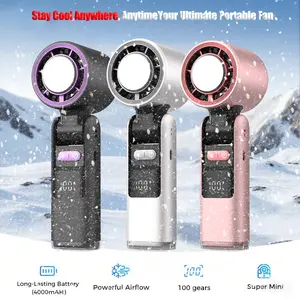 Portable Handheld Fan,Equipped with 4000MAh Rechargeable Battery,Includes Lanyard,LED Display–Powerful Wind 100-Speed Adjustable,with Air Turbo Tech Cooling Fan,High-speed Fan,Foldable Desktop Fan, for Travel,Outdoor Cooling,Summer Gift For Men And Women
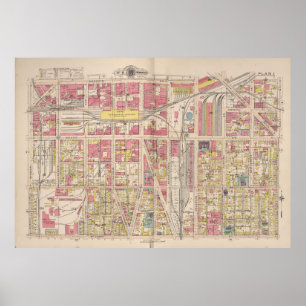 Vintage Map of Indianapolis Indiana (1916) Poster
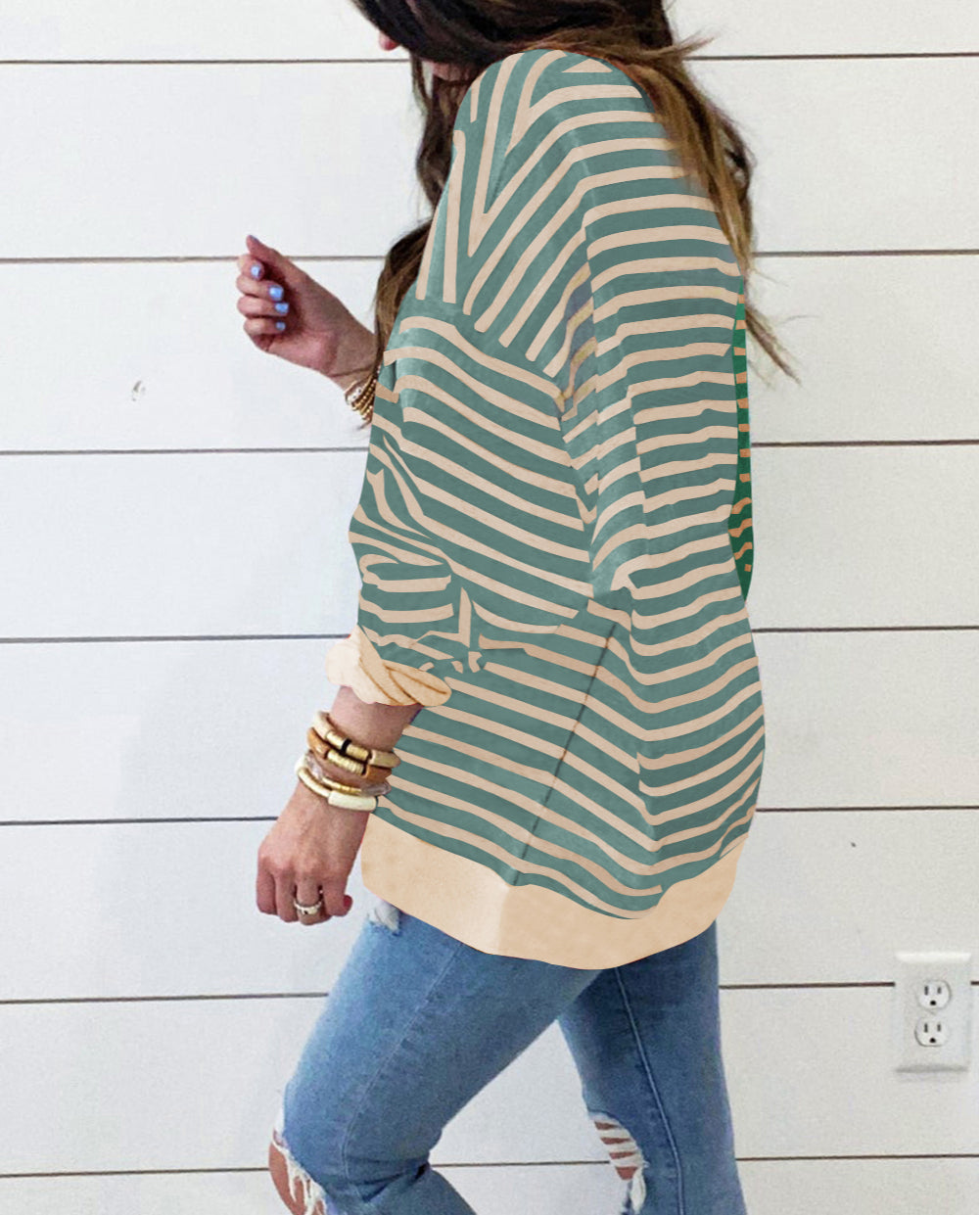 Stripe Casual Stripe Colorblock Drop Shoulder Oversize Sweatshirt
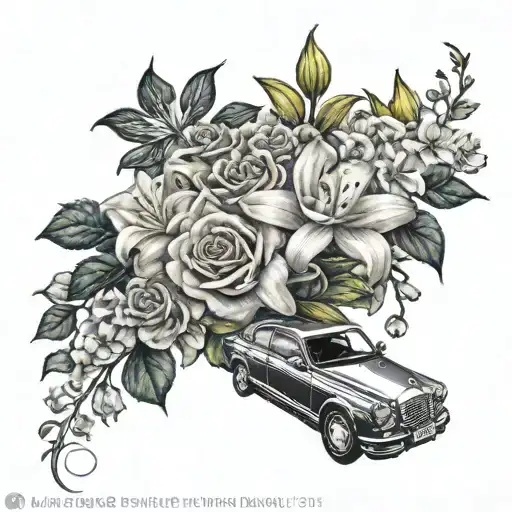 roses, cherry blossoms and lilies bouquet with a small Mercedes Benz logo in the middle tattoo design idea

==

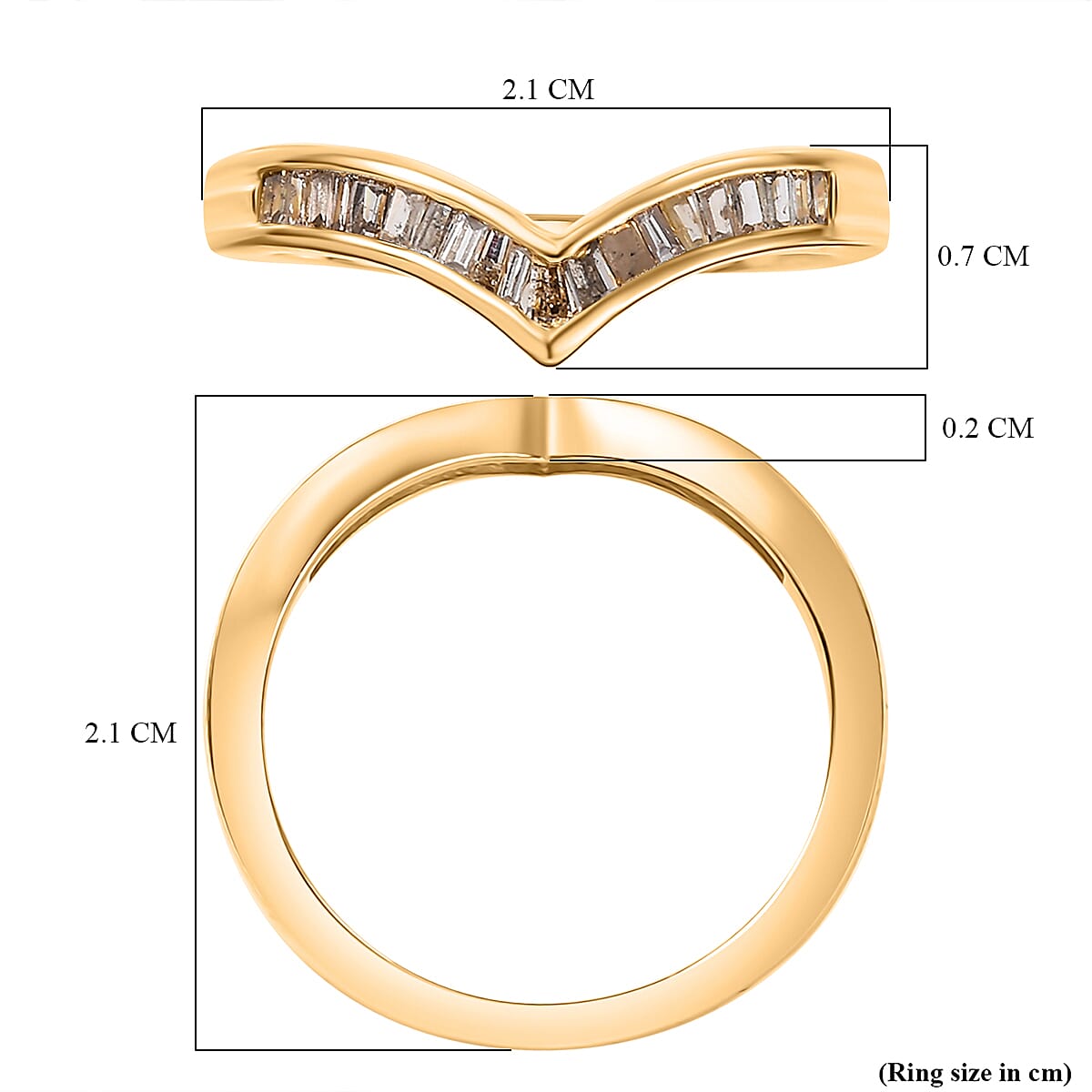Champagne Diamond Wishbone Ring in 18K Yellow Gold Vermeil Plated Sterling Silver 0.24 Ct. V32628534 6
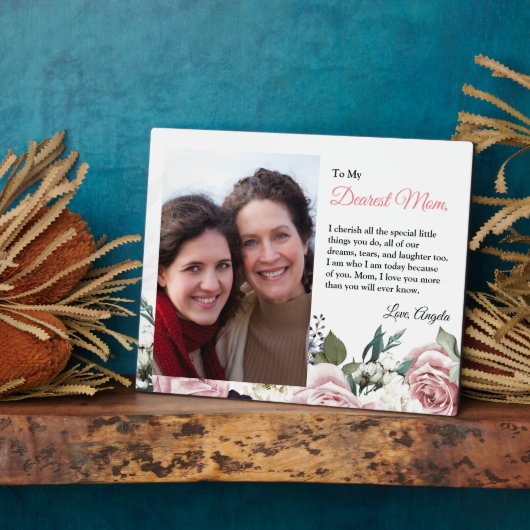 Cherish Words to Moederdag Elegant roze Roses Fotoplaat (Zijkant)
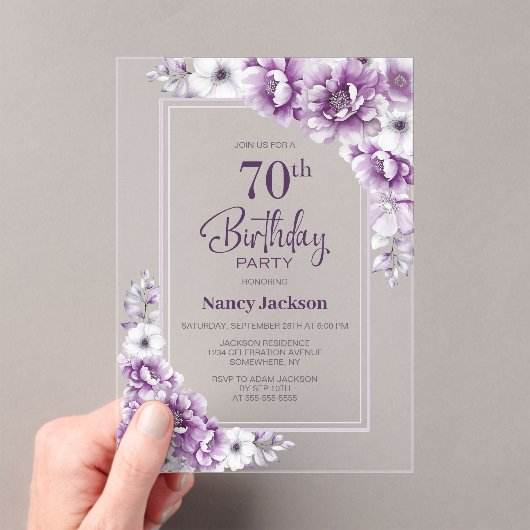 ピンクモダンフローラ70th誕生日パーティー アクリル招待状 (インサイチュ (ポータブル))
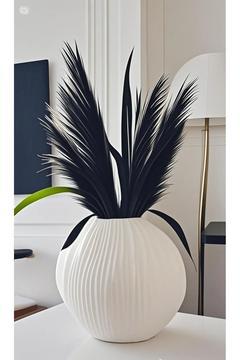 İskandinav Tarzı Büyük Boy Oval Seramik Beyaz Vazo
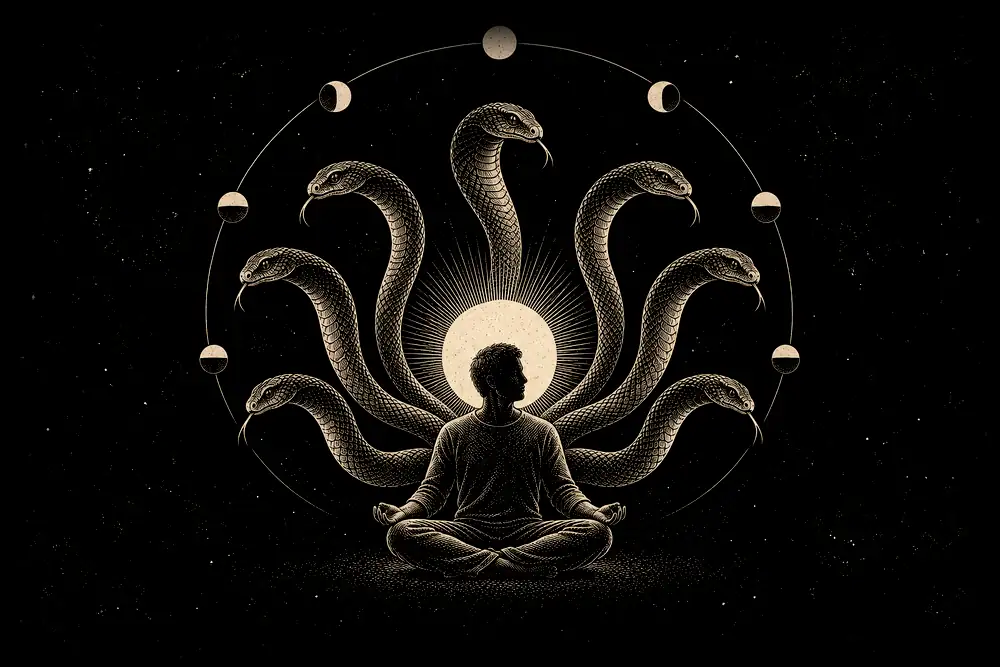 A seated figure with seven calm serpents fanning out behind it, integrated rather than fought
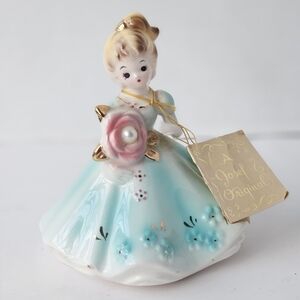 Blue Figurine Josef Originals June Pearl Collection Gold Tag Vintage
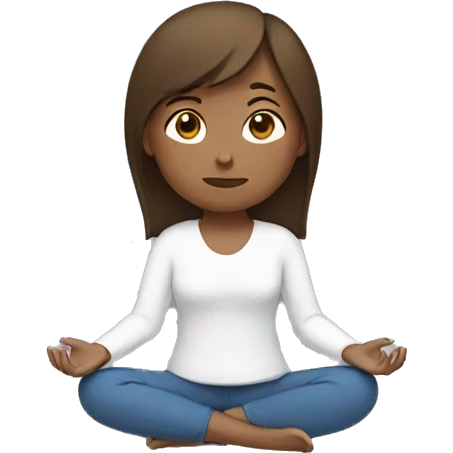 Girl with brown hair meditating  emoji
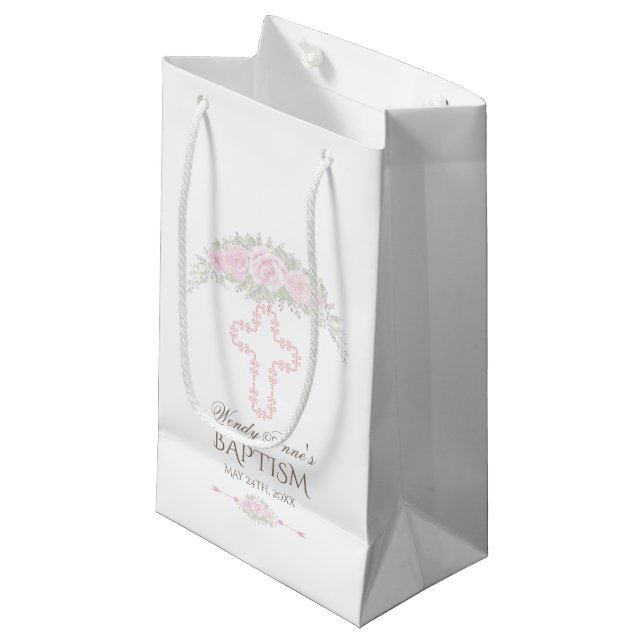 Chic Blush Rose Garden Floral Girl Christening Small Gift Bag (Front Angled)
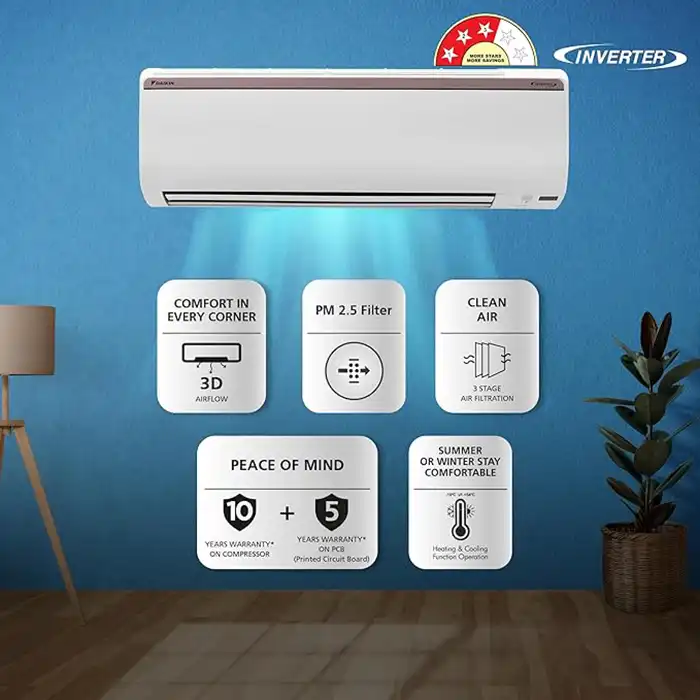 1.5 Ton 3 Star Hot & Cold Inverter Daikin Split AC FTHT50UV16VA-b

==

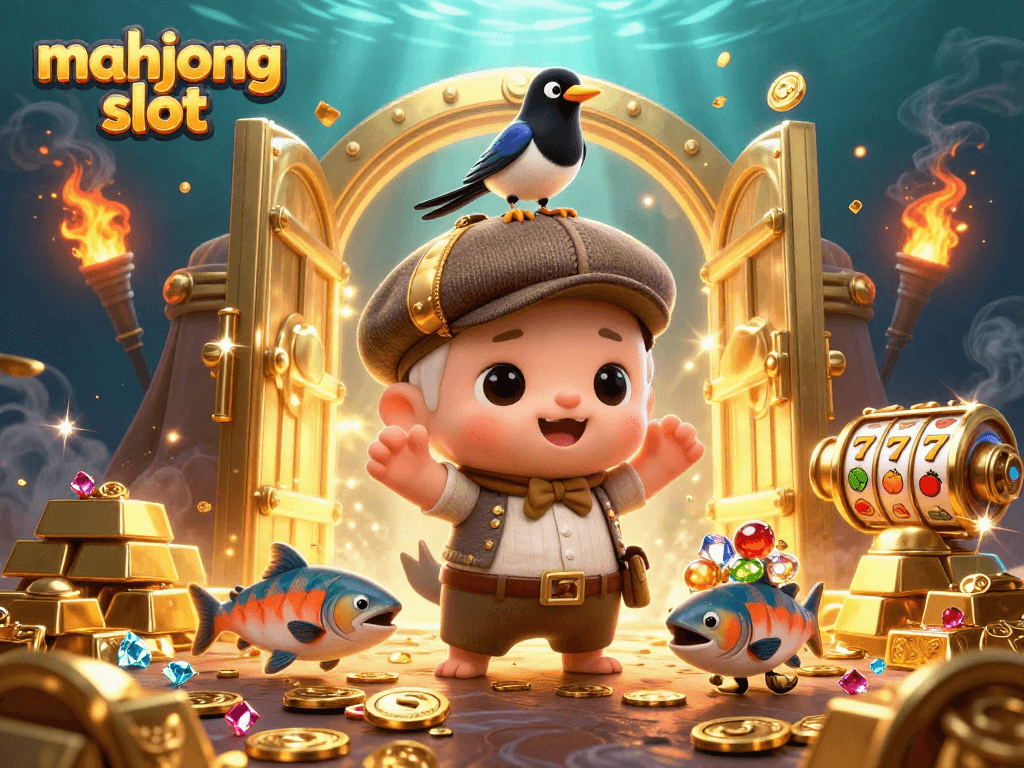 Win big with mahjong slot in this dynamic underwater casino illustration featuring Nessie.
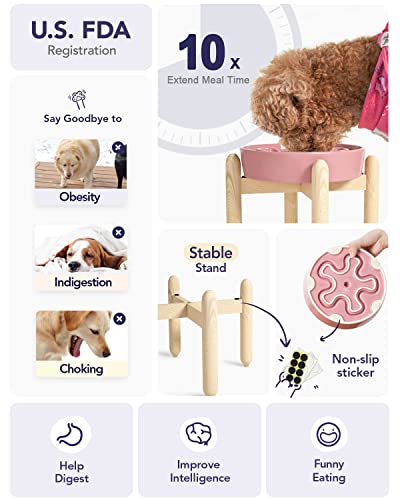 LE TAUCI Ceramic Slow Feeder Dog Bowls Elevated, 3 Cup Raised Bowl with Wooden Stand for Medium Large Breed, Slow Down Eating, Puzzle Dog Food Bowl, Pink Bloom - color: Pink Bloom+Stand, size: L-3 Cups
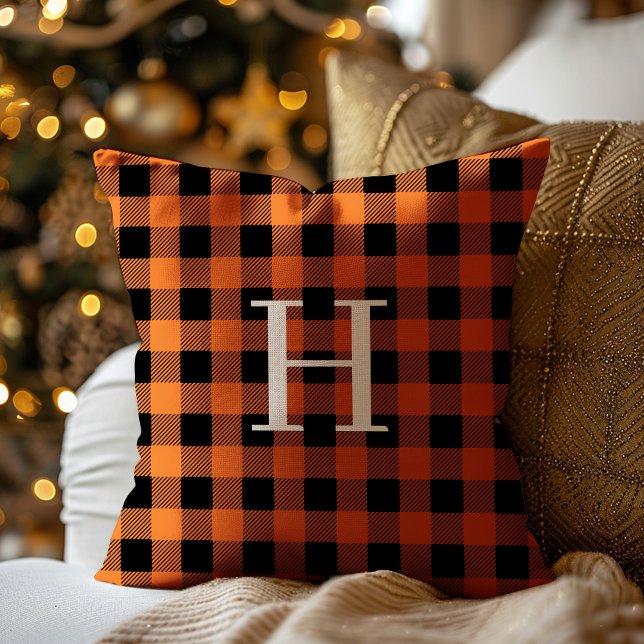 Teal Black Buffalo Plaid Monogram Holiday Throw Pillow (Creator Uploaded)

Problem to work on →
Skip every picture, and restate word for word only the lines above from the line containing "LE TAUCI Ceramic" to the line containing "Teal Black Buffalo", both of them included.

Solution to the problem →
 LE TAUCI Ceramic Slow Feeder Dog Bowls Elevated, 3 Cup Raised Bowl with Wooden Stand for Medium Large Breed, Slow Down Eating, Puzzle Dog Food Bowl, Pink Bloom - color: Pink Bloom+Stand, size: L-3 Cups
 Teal Black Buffalo Plaid Monogram Holiday Throw Pillow (Creator Uploaded)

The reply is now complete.